- _PROBLEM STATEMENT_
Repeat the listing word for word, but skip any pictures.

- _DATASET EXCERPT_
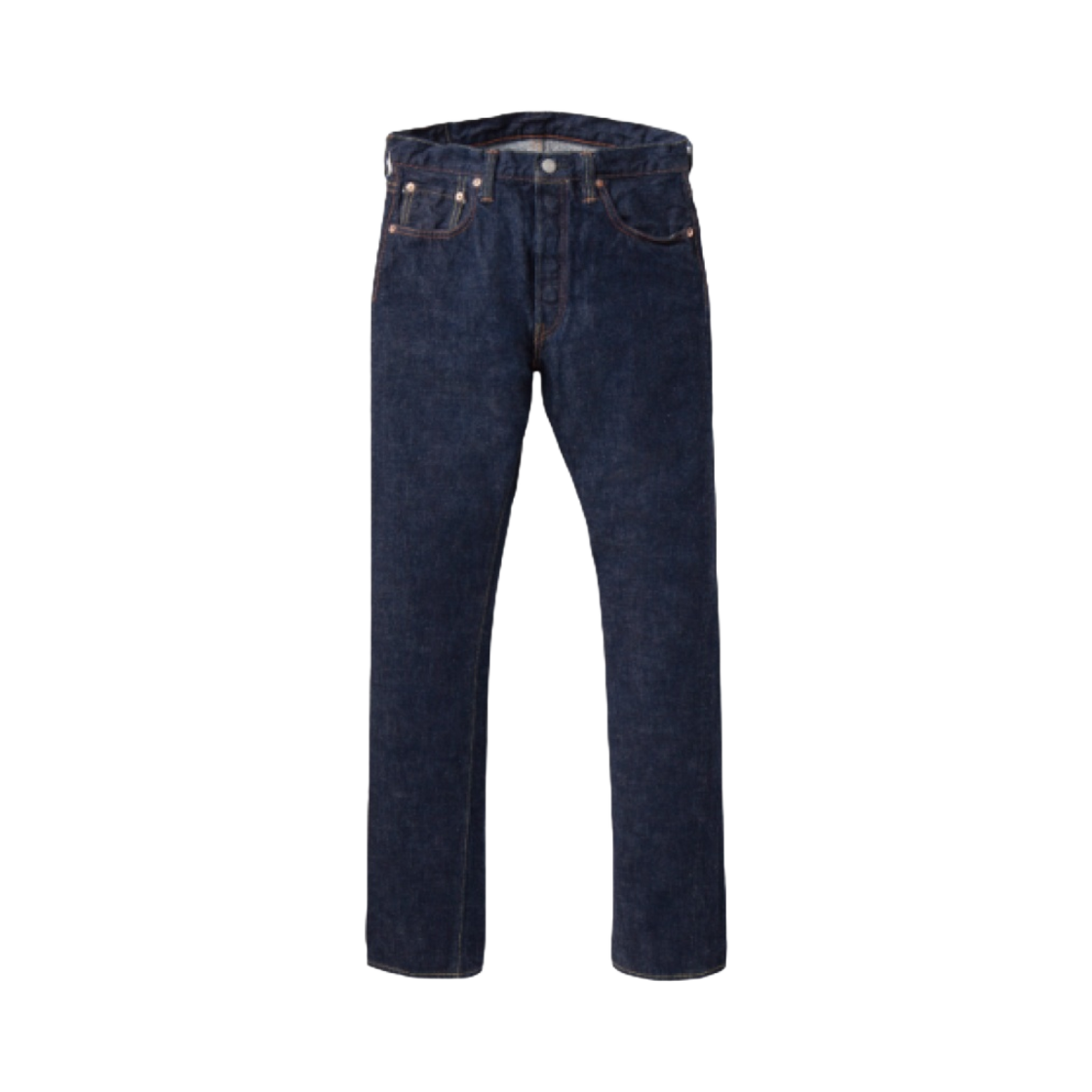 1109W Fullcount 1109W Slim Denim One Wash Indigo Blue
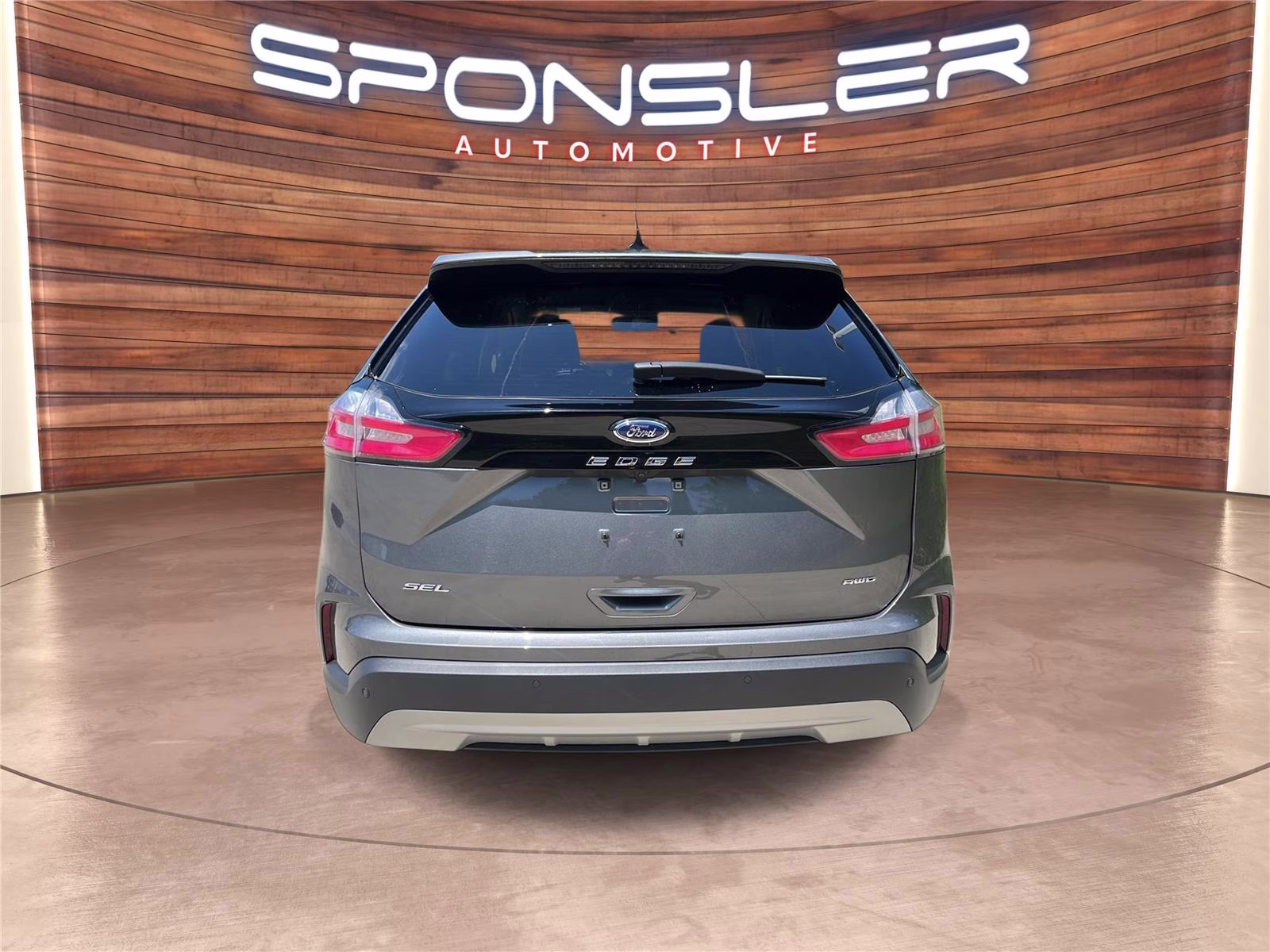 2024 Carbonized Gray Ford Edge SEL AWD SUV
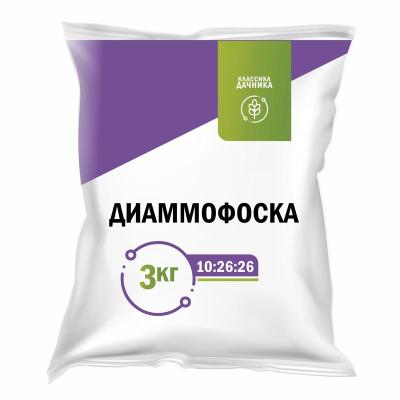 Удобрение минеральное НОВ-АГРО Диаммофоска универсальное 3000 г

- _TASK OUTPUT_
 1109W Fullcount 1109W Slim Denim One Wash Indigo Blue
 2024 Carbonized Gray Ford Edge SEL AWD SUV
 Удобрение минеральное НОВ-АГРО Диаммофоска универсальное 3000 г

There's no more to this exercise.